Cox D W, Prat L, Walshe J M, Heathcote J, Gaffney D
Department of Medical Genetics, University of Alberta, Edmonton, Alberta, Canada.
Hum Mutat. 2005 Sep;26(3):280. doi: 10.1002/humu.9358.
Wilson disease (WND), an autosomal recessive disorder of copper transport, shows wide genotypic and phenotypic variability, with hepatic and/or neurological symptoms. The WND gene, ATP7B, encodes a copper transporting ATPase that is involved in the transport of copper into the plasma protein ceruloplasmin, and in the excretion of copper from the liver. ATP7B mutations result in copper storage in liver and brain. From 247 WND patients worldwide whose DNA has been sequenced in our laboratory, we have identified 24 new mutations. The origins of the patients were European white (one deletion, one nonsense, one splice site, and 18 missense), Chinese (one deletion, one missense) and Bangladeshi (one missense). Most of these had strong support as disease causing mutations, based on conservation between species, structural changes, and absence in controls. One missense mutation in a Chinese patient was considered uncertain because of its conservative nature and position in the protein. We also identified 15 nucleotide substitutions (11 of them new) causing silent or intronic changes, none of which produce an additional splice site that could lead to disease. Characterization of mutations, both disease-causing and normal variants, is essential for accurate molecular diagnosis of this condition.

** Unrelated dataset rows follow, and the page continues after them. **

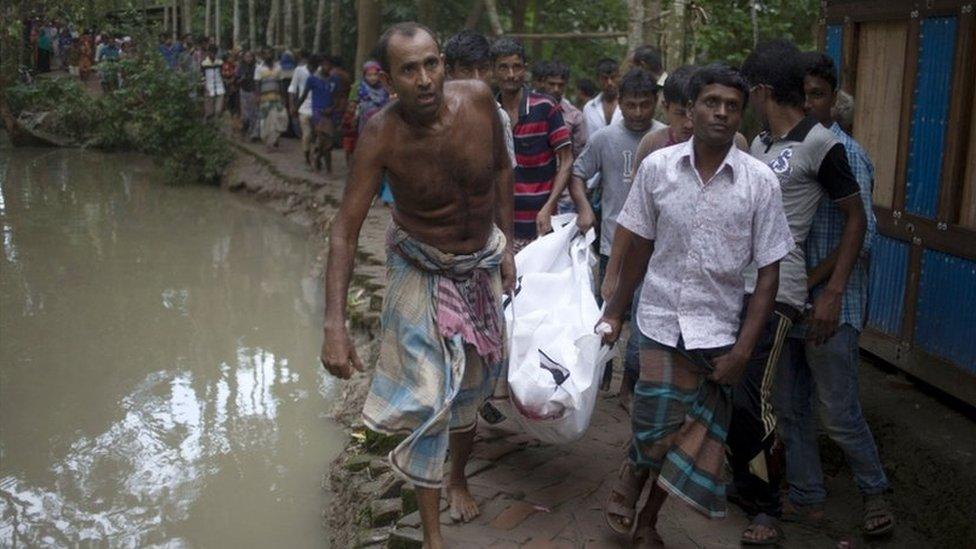 Villagers carry a body recovered from the ferry sinking in Barisal, Bangladesh, on 21 September 2016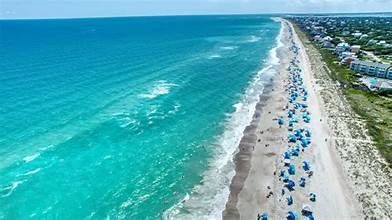 Aerial view of a beach with turquoise water, white sand, and many blue umbrellas. Houses line the shore.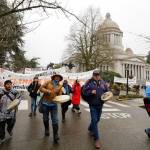 Climate activists and others supporting the Indigenous group Protectors of the Salish Sea march with signs and drums outside the Capitol at Olympia, Wash., Monday, Jan. 13, in Olympia, on the first day of the 2020 session of the Washington legislature. The group was at the Capitol to call attention to environmental issues including their demand that Gov. Jay Inslee declare a climate emergency and halt fossil fuel expansion projects in the state. (Ted S. Warren / Associated Press file photo)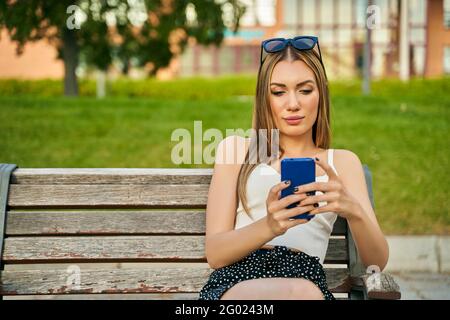 Die Frau in der Stadt sitzt im Sommer auf der Bank, hält Smartphone, liest und schreibt im Chat eine Nachricht, trägt Sonnenbrillen und Sommerkleidung. Hochwertige Fotos Stockfoto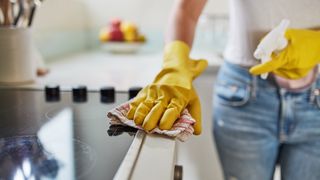 gloved hands cleaning kitchen surfaces to show how often you should clean your house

威尔逊病(WND)是一种常染色体隐性铜转运障碍疾病,具有广泛的基因型和表型变异性,伴有肝脏和/或神经症状。WND基因ATP7B编码一种铜转运ATP酶,该酶参与铜向血浆蛋白铜蓝蛋白的转运以及肝脏中铜的排泄。ATP7B突变导致铜在肝脏和大脑中蓄积。在我们实验室对全球247例已进行DNA测序的WND患者中,我们鉴定出24个新突变。患者来源包括欧洲白人(1个缺失突变、1个无义突变、1个剪接位点突变和18个错义突变)、中国人(1个缺失突变、1个错义突变)和孟加拉人(1个错义突变)。基于物种间的保守性、结构变化以及在对照中未出现,这些突变中的大多数有充分证据支持其为致病突变。一名中国患者的一个错义突变因其保守性质和在蛋白质中的位置而被认为不确定。我们还鉴定出15个导致沉默或内含子变化的核苷酸替换(其中11个是新发现的),这些变化均未产生可导致疾病的额外剪接位点。对致病突变和正常变异进行特征分析对于准确分子诊断该疾病至关重要。